To achieve this, I tried using the parfor loop in Matlab (with the parallel computing toolbox), utilizing best practices such as slicing, loading only relevant data for each worker. For posterity, here is a complete code snippet. I have provided small, decomposed problems deeper down in this post.

M = 1600000;
K = 4;
m = M/K;
n = 500;
A = randn(K, m,n);
B = randn(K,m,n);
C = randn(n,2);
D = zeros(K,m,2);

%delete(gcp('nocreate'));
%p = parpool('local',K);

tic
toc_load = zeros(K,1);
toc_compute = zeros(K,1);
toc_unload = zeros(K,1);
parfor j = 1:K
    tic
    A_blk = gpuArray(reshape(A(j,:,:),[m,n]));
    B_blk = gpuArray(reshape(B(j,:,:), [m,n]));
    C_blk = gpuArray(C);
    D_blk = gpuArray(reshape(D(j,:,:), [m,2]));
    toc_load(j)  = toc;
    tic
    B_blk = D_blk * C_blk' + A_blk + B_blk;
    toc_compute(j) = toc;
    tic
    B(j,:,:) = gather(B_blk);
    toc_unload(j) = toc;
end
toc_all = toc;
fprintf('averaged over 4 workers, loading onto GPU took %f seconds \n', mean(toc_load));
fprintf('averaged over 4 workers, computation on GPU took %f seconds \n',mean(toc_compute));
fprintf('averaged over 4 workers, unloading from GPU took %f seconds \n', mean(toc_unload));
fprintf('the entire process took %f seconds \n', toc_all);

Using the tic-toc time checker (I run the code only after starting the parpool to ensure that time-tracker is accurate), I found that each worker takes on average:

  • 6.33 seconds to load the data onto the GPU
  • 0.18 seconds to run the computations on the GPU
  • 4.91 seconds to unload the data from the GPU.

However, the entire process takes 158.57 seconds. So, the communication overhead (or something else?) took up a significant chunk of the running time.

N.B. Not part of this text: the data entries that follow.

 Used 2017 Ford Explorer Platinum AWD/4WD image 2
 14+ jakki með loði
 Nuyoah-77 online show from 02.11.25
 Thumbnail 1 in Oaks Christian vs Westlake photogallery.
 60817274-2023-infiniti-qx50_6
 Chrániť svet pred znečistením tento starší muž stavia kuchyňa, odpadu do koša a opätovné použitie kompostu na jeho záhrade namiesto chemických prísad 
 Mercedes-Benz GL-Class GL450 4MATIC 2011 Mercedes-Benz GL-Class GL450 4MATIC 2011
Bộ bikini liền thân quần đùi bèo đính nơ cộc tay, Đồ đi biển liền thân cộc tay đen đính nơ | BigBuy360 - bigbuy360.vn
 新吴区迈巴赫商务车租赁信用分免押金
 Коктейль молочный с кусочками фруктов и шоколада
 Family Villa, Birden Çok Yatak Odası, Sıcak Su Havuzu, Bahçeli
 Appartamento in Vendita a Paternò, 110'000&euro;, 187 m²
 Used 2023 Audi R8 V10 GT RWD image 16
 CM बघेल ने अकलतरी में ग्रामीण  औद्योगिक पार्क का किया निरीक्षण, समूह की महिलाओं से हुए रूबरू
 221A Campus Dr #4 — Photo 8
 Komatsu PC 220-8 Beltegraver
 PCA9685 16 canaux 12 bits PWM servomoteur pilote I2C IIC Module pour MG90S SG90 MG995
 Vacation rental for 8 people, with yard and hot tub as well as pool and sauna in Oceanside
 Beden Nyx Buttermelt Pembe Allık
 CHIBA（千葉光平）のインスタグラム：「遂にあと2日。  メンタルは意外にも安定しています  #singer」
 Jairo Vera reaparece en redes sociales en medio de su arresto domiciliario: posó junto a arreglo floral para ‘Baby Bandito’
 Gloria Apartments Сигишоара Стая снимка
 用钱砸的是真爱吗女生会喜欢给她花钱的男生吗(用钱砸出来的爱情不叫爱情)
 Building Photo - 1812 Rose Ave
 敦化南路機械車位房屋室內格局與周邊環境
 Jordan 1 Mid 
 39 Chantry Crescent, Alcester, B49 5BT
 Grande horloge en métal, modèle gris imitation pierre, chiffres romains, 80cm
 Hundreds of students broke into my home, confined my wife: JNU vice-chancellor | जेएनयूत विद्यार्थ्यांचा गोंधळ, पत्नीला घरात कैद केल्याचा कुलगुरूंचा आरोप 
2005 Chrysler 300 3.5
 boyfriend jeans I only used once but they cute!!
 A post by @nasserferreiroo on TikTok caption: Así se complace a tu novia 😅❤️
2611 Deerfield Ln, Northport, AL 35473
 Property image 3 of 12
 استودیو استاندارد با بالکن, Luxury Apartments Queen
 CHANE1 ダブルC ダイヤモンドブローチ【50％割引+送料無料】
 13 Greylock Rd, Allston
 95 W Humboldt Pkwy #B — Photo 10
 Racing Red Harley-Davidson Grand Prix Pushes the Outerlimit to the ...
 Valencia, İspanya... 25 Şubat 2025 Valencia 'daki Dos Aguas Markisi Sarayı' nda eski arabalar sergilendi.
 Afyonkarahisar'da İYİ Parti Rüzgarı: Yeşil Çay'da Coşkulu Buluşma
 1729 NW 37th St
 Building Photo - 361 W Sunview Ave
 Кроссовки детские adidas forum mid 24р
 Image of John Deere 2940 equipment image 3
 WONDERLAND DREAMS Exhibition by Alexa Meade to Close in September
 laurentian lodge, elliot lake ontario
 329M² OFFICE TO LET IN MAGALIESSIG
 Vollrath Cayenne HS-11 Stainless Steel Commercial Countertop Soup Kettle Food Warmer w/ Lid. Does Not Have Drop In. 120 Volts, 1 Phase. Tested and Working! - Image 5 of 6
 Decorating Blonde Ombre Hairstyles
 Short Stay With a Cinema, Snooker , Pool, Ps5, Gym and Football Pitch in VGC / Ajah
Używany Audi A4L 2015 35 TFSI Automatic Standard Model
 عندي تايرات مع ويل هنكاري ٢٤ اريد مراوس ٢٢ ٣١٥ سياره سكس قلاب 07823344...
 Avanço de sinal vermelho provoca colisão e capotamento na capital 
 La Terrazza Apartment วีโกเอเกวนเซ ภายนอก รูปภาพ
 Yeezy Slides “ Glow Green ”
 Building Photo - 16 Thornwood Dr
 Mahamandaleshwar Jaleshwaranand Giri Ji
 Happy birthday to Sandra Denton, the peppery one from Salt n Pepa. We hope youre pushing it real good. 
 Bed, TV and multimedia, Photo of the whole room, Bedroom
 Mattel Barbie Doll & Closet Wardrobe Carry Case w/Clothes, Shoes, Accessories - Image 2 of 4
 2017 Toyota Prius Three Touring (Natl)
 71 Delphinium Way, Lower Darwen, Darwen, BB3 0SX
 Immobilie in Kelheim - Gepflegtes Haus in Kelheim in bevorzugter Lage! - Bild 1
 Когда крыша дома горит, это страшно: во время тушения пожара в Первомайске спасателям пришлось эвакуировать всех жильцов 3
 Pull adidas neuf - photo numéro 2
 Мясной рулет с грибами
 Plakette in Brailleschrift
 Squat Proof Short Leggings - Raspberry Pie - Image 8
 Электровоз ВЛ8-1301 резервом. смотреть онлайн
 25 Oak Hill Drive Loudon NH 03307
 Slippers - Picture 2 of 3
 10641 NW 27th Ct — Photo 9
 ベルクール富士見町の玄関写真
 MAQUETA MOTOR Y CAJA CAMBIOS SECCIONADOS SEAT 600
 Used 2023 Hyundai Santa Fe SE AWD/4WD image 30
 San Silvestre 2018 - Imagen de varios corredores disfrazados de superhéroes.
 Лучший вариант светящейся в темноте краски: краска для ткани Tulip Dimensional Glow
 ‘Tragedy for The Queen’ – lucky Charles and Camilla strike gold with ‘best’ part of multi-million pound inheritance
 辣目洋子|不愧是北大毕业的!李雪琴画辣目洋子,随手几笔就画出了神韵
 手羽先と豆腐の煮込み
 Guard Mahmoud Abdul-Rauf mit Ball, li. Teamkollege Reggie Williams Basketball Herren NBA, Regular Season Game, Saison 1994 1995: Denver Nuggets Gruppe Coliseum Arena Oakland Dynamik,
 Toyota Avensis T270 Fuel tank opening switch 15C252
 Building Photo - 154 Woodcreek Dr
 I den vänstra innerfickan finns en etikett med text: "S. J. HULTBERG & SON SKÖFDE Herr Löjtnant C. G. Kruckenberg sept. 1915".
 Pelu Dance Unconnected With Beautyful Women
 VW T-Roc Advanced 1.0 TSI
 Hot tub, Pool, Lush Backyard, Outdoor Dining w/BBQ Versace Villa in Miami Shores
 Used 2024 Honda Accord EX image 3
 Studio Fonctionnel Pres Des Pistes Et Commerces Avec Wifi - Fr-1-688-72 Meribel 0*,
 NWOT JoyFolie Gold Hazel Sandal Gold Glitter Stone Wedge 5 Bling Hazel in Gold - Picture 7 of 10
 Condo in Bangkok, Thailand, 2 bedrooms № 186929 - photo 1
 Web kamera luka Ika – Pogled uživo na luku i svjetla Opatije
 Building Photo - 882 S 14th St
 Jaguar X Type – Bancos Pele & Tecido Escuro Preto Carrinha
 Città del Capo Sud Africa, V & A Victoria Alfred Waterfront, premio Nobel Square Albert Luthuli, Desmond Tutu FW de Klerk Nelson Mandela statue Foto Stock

I then tried a simple for loop without parallelization, see snippet below.

%% for loop
tic
for j = 1:K
    A_blk = gpuArray(reshape(A(j,:,:),[m,n]));
    B_blk = gpuArray(reshape(B(j,:,:), [m,n]));
    C_blk = gpuArray(C);
    D_blk = gpuArray(reshape(D(j,:,:), [m,2]));
    toc_load(j)  = toc;
    B_blk = D_blk * C_blk' + A_blk + B_blk;
    toc_compute(j) = toc;
    B(j,:,:) = gather(B_blk);
end
toc_all = toc;
fprintf('the entire process took %f seconds \n', toc_all);

This time, running the entire code took only 27.96 seconds. So running the code in serial significantly improved performance in this case. Nonetheless, given that I have 4 GPUs, it seems disappointing to not be able to gain a speedup by using all 4 at the same time.

From my experiments above, I have observed that the actual computational cost of the GPU working on the linear algebra tasks appears low. The key bottleneck appears to be the time taken in loading the data in parallel from CPU onto the multiple GPUs, and gathering the data from the multiple GPUs back to CPU, though it is also possible that there is some other factor in play.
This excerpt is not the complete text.